Why companies are turning to IT solution providers to make their edge computing sites more sustainable

sustainability at the edge

Data processing is energy-intensive work in large centralized data centers and distributed edge computing environments. According to the International Energy Agency (IEA), data centers, server rooms, and data transmission networks account for 1-1.5% of global electricity use and nearly 1% of energy-related GHG emissions.

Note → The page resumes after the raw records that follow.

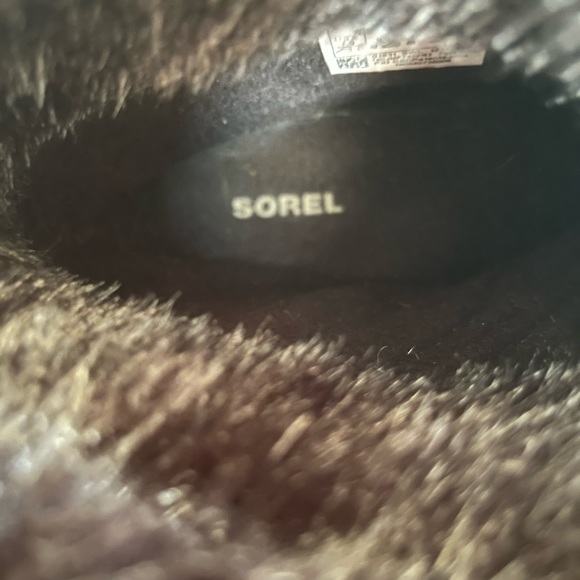 Sorel snow boots, like new. Sturdy tread, platform heel, flannel lined. Worn 3 x - Picture 7 of 12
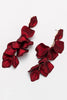 Laden Sie das Bild in den Galerie-Viewer, Rote Blütenblatt Ohrringe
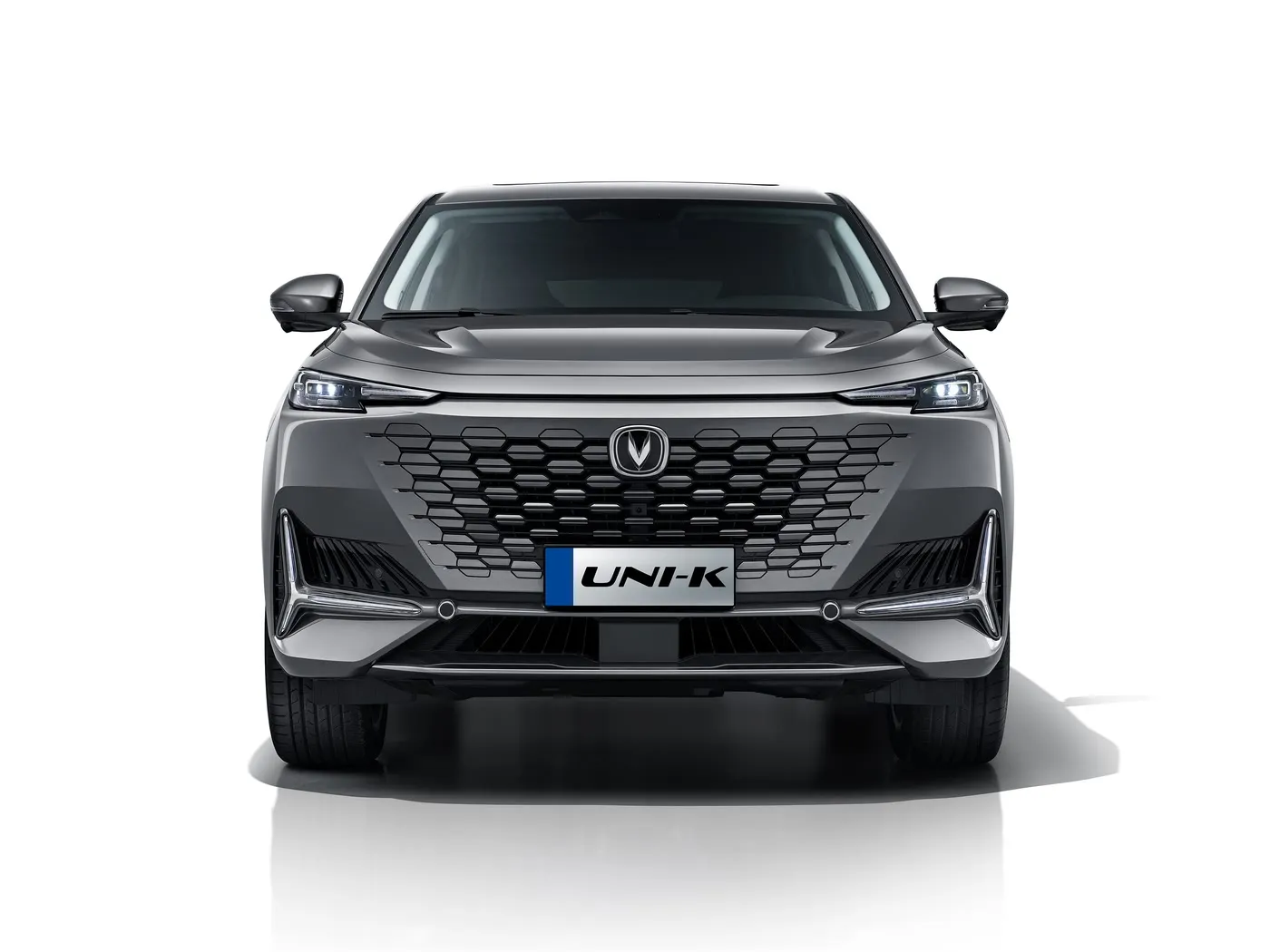 BYD E2 Luxus-Elektro-Elektro-SUV-Limousine mit Schrägheck, linksgelenktem Auto und Lithium-Batterie-Motor, Chinas New Energy Vehicle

Many organizations have voiced their intentions to improve the sustainability of their energy-intensive data processing operations. However, translating these objectives into tangible actions has been a challenge. Fortunately, over recent years, breakthroughs have occurred − thanks to investor interest, public and customer concern over global warming, regulatory actions, and technological innovation − that enable actionable steps towards lower emissions.

sustainability matters

The 451 Research report “Sustainability at the Edge” validates the high priority of managing sustainable operations for those who manage edge computing sites. According to the report, optimizing energy use and related carbon emissions was the top-cited challenge among more than 40% of respondents.

However, edge management teams have several obstacles to overcome to better control edge computing emissions. According to the 451 report, those issues include a shortage of skilled individuals who can address environmental, social, and governance (ESG) issues, an inability to obtain consistent data and metrics needed to measure energy usage and carbon footprint, and a lack of edge performance and energy consumption monitoring systems.

Stakeholders managing edge computing sites also cited a need for knowledge regarding current and future emissions compliance obligations and clarity regarding the technologies that optimize energy use.

Choosing the right edge computing partner is critical

In response to these challenges, many organizations deploying and managing edge computing sites are tapping into an ecosystem of partners to help them better manage the situation. They look to their partner network for several reasons:

  • They possess ESG expertise – The right partner can help manage the scope of migration to both digitization and improved sustainability by suggesting reliable, compliant, and energy-efficient solutions.
  • They help address the skilled labor gap – New-generation remote management tools enable these partners to monitor equipment performance and energy management, enhancing systems uptime while reducing energy consumption across multiple edge computing sites. This relieves owners of edge sites from having to hire on-site technical experts to manage their edge systems.
  • They support circularity and carbon emissions reduction efforts – Partners such as managed service providers now offer predictive maintenance services. They utilize software that monitors the condition of edge systems in near real-time and analyze the data obtained. Benefits of such an approach include identifying potential failures before they occur, thus enhancing systems uptime. For example, such partners know precisely when a battery in a UPS needs replacement and can avoid replacing batteries too early or too late. This optimizes power usage and reduces electricity bills. Plus, fewer maintenance technicians need to be dispatched on-site to implement fixes, thereby reducing the overall carbon footprint associated with travel.


Sustainable edge computing success at Bridgestone

When the world’s leading tire manufacturer Bridgestone and its subsidiary Bandag set out to modernize their edge system server room, local Bandag manufacturing site stakeholders collaborated with Schneider Electric and their partner Bechtle to achieve their goals of equipment consolidation, simplified administration, and improved infrastructure sustainability.

By implementing a new five-rack micro data center edge system, Bandag facilitated a circular economy in each of its businesses through resource circulation, reduction of CO2 emissions, and carbon neutral activities   ̶ while reinvesting those benefits and value sustainably back into their businesses.

What to look for in a partner

When implementing sustainability initiatives at edge computing locations, the selection of the right ecosystem of partners is critical. Look for organizations with a mature network of trained sustainability partners who offer “Green Premium” products (which formally document energy consumption and CO2 emissions data). Also, consider manufacturers who have successfully implemented their own internal corporate sustainability strategies and possess deep knowledge of sustainability and digitization (which work hand-in-hand).